What is needed: Copy only the lines from the one containing "That's it for" through the final line of the records below, exactly as written, with no pictures.
····················
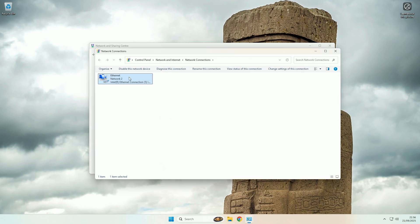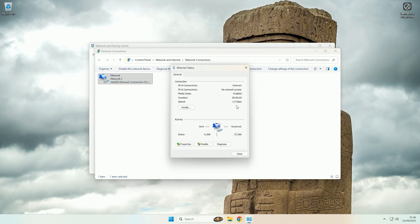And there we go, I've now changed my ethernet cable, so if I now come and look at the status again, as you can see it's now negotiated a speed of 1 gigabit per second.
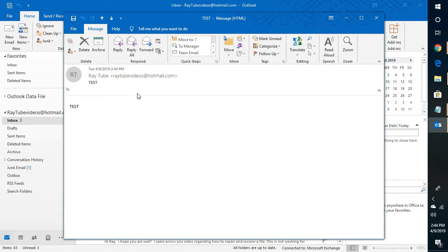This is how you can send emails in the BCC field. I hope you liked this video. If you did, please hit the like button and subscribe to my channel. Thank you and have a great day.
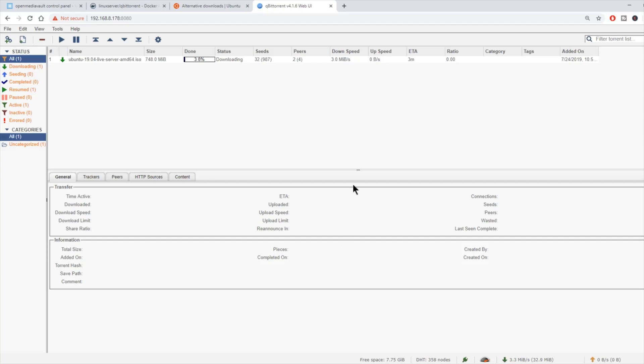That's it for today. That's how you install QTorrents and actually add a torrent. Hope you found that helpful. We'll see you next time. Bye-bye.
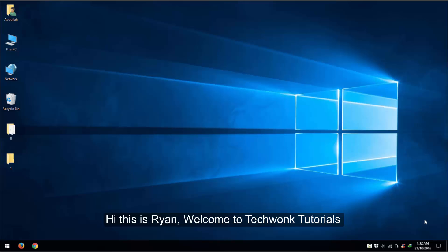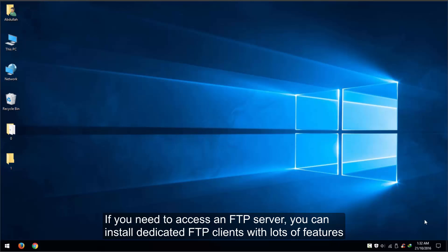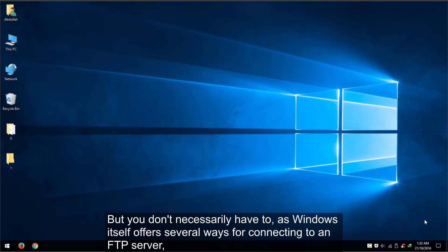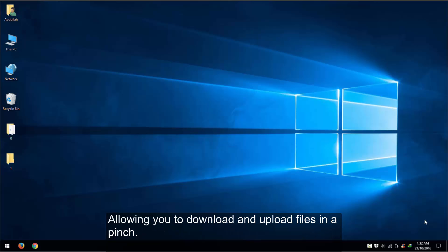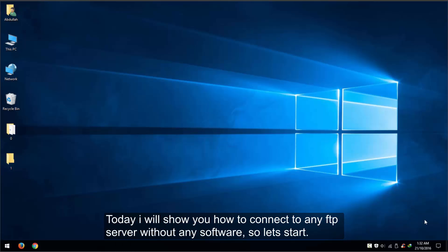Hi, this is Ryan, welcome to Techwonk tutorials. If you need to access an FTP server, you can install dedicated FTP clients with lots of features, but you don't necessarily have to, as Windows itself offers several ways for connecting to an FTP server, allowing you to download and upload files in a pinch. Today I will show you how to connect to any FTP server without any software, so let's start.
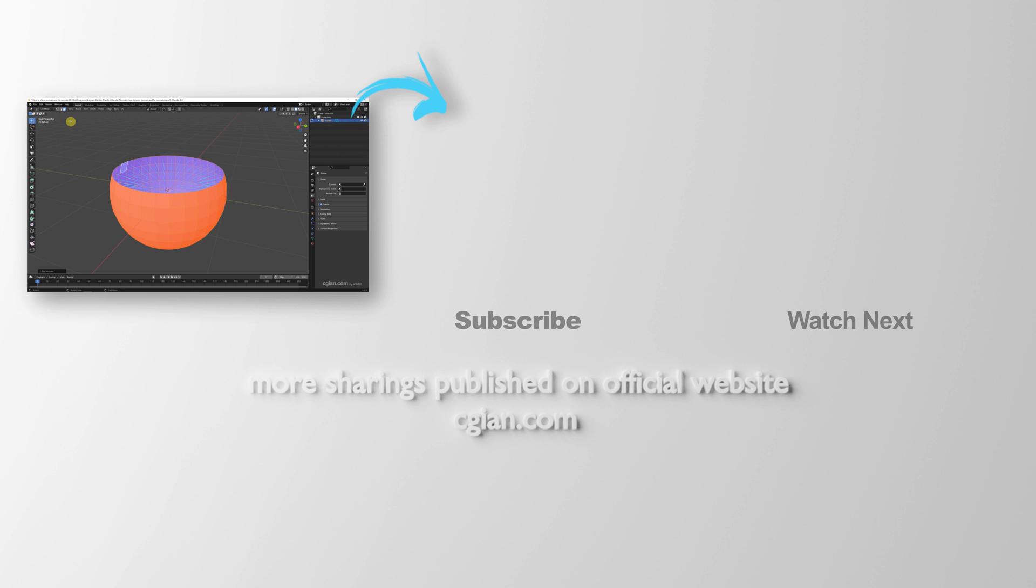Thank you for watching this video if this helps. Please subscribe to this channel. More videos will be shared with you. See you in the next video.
····················
Exercise result:
That's it for today. That's how you install QTorrents and actually add a torrent. Hope you found that helpful. We'll see you next time. Bye-bye.
Hi, this is Ryan, welcome to Techwonk tutorials. If you need to access an FTP server, you can install dedicated FTP clients with lots of features, but you don't necessarily have to, as Windows itself offers several ways for connecting to an FTP server, allowing you to download and upload files in a pinch. Today I will show you how to connect to any FTP server without any software, so let's start.
Thank you for watching this video if this helps. Please subscribe to this channel. More videos will be shared with you. See you in the next video.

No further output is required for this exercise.